The minimum gratuity is tax-exempt, but social security contributions apply to higher salaries.
For the duration of the internship, the company must offer the same benefits and rights as other employees: transport costs, canteen, etc.
To find out all you need to know about trainee remuneration, visit our regularly updated public service website.
Cost of a work-study student
Remuneration varies according to age, length of training and current year. This can range from a minimum of 27% of the SMIC for an apprentice under 18 in his first year, to 78% of the SMIC for a 25-year-old apprentice in the third year of his contract. Students over the age of 26 are entitled to a salary equal to the minimum wage.
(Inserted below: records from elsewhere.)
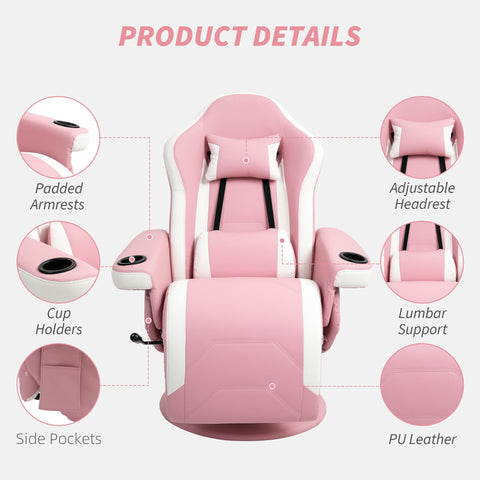 HOMCOM Manual Recliner Armchair PU Leather Lounge Chair w Adjustable Leg Rest, 135\'c2\'b0 Reclining Function, 360\'c2\'b0 Swivel, Pink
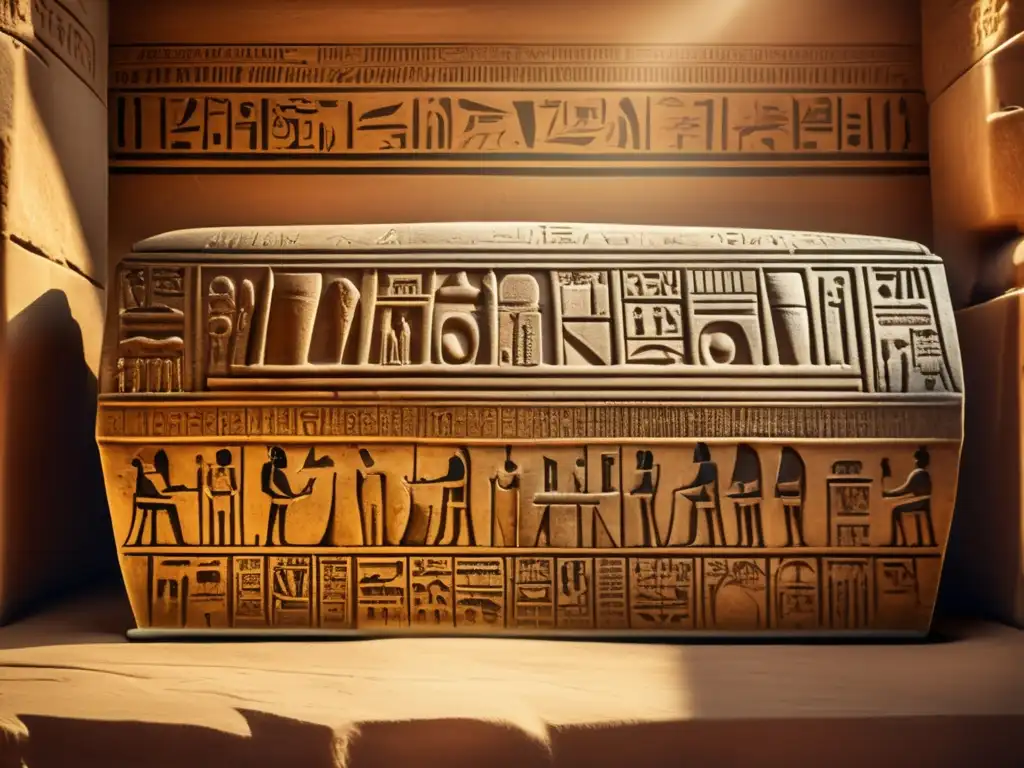 Misterio y encanto envuelven la Reina Merneith en su sarcófago egipcio tallado con jeroglíficos y patrones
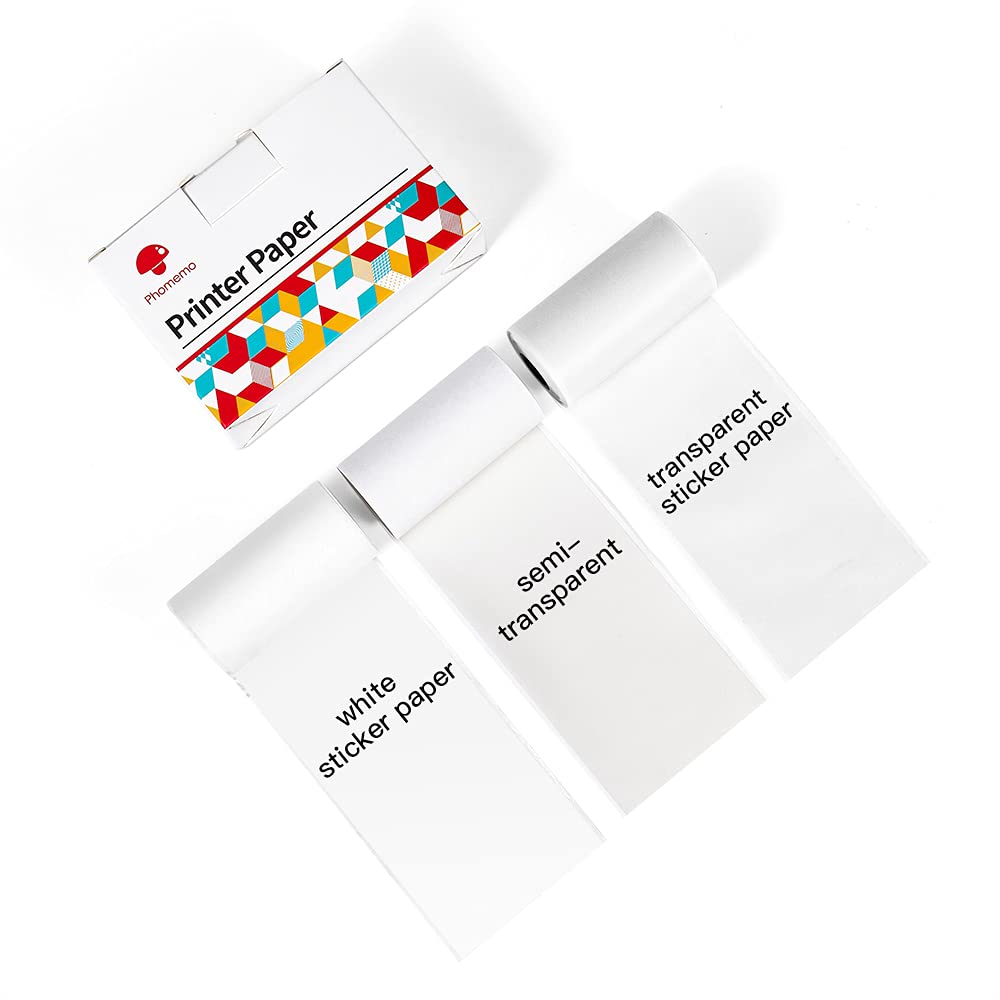 Phomemo Adhesive Thermal Sticker Paper, White/Transparent/Semi-Transparent Thermal Printer, for Phomemo M02/M02 Pro/M02S/M03 Bluetooth Thermal Pocket Printer, 50mm-53mm Width, 2.5m-3.5m Length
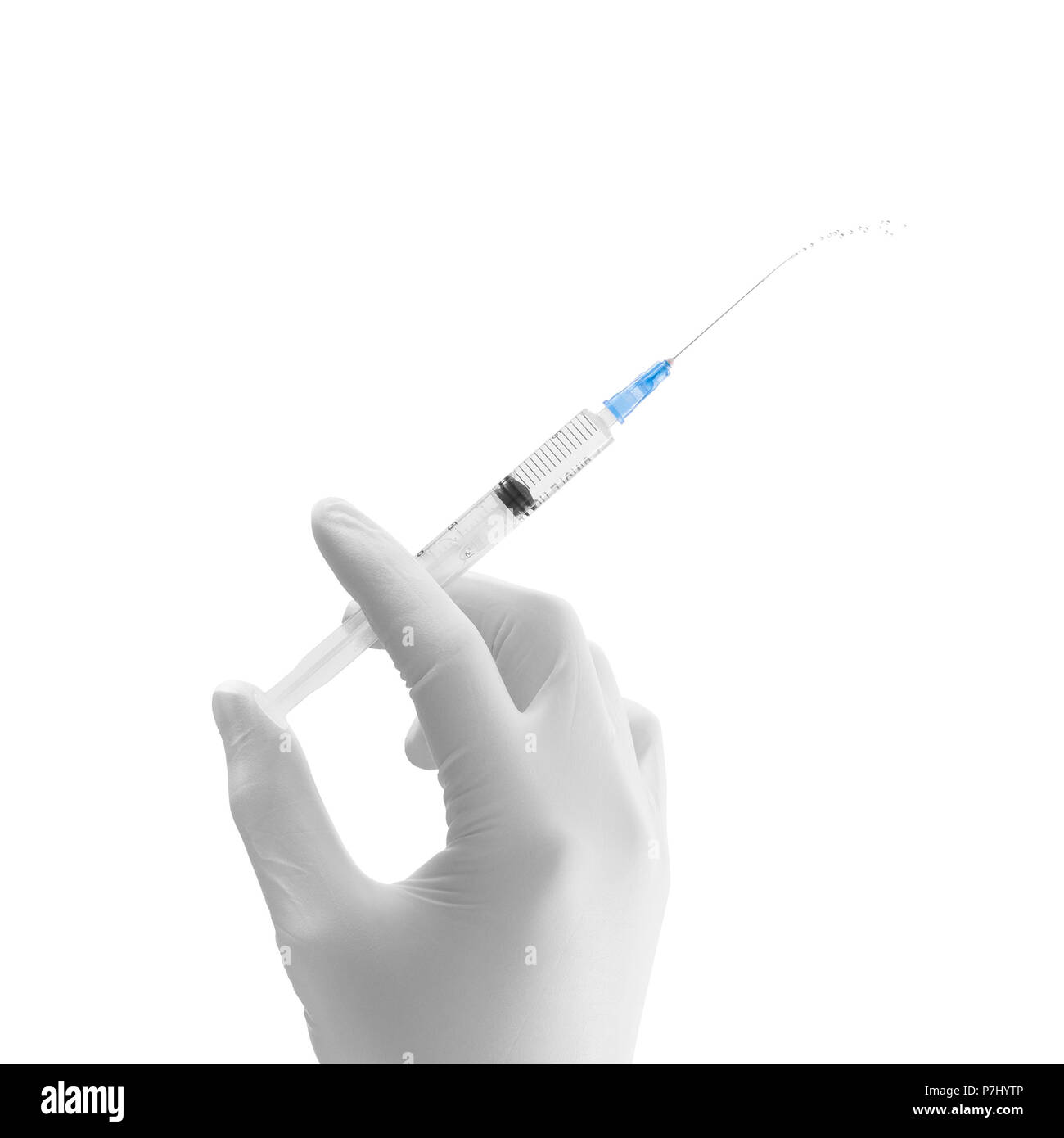 Doctor hand in white glove hold syringe with preparation jet from the needle. Medical man holding injector with drugs in arm. Surgeon hand with flu vaccine. Botox injection.   Stock Photo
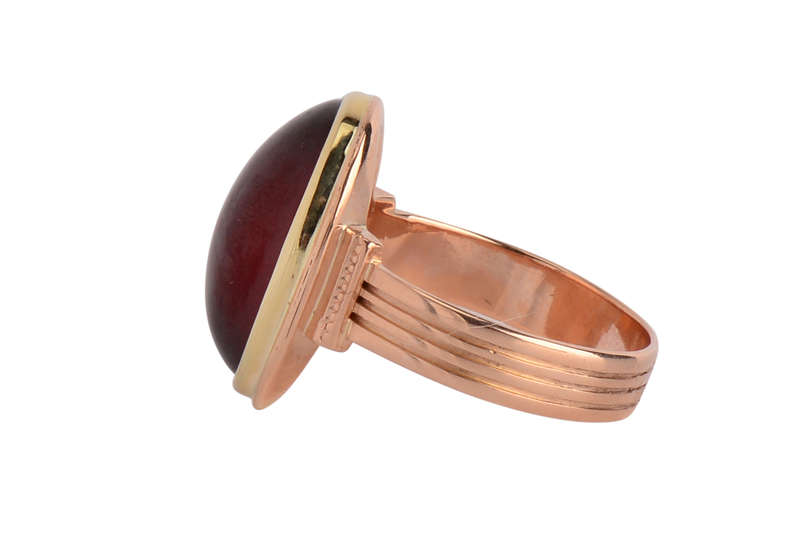 Victorian Warmth - Two Color Gold Garnet Ring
Note: if the agreed minimum wage is higher than the SMIC, it must be used as the basis for calculation.
Because of their employee status, apprentices are entitled to the same benefits as other employees: luncheon vouchers, reimbursement of expenses, etc.
In addition, depending on the type of contract, the company must cover all or part of the apprentice’s training costs, as well as any costs associated with training the apprenticeship supervisor.
To promote the integration of young people into the workforce through work-study schemes, the government is proposing a reduction in employers’ contributions, as well as grants of up to 8,000 euros in 2021 for the hiring of a work-study student.
Under no circumstances may internships exceed 6 months, spread over the same academic year and within the same organization. On the other hand, work-study contracts are much more flexible, ranging from 6 months to a maximum of 3 years.
Conditions and beneficiaries
In the wake of past abuses, the legislative framework has been strengthened for both trainees and apprentices.
Hiring a trainee
The internship must be part of an educational program, which means that the intern must be enrolled in a school or university.
The number of trainees is limited to 3 for companies with fewer than 20 employees, and to 15% of the workforce for companies with more than 20 employees. What’s more, if a number of trainees work in the same position, there must be a waiting period of more than a third of the previous period, i.e. 2 months after a 6-month traineeship.
In addition, even though they are not salaried employees, trainees are entitled to time off if their internship agreement is for more than 2 months.
Hiring a work-study student
The work-study scheme is reserved for young people aged 16 to 29, with the possibility of obtaining exemptions for minors over 15 who have completed secondary school, as well as for disabled workers and top-level sportsmen and women over 30.
The apprentice must be accompanied by an apprentice master, who is an employee of the company and has the professional and moral skills to carry out his or her mission.
Except for specific exceptions, the maximum number of apprentices in a company is limited to two per apprentice master.
Should I hire a work-study student or an intern?
It all depends on your company’s needs, but also on your possibilities.
Trainees have the advantage of being much cheaper for employers, but are often less prepared for the professional world than apprentices. Above all, they can only stay with your company for a maximum of 6 months, which limits the possibilities for building the future, unless the internship agreement leads to a new job.
On the contrary, a work-study contract is a long-term commitment, giving you the opportunity to train a young person in your profession and in the specific features of your company. Apprentices cost more, but are often more productive, thanks in particular to their salaried status, which gives them obligations to achieve results. What’s more, the numerous government subsidies available make apprenticeships an ideal solution for hiring young people.
A final word
It’s important not to lose sight of the fact that the intern or trainee is joining your company for training purposes, which is the main aim of an internship agreement or work-study contract.
It’s not a question of cheap labor, but rather a gamble on the future, allowing you and your company to integrate young people under the best possible conditions.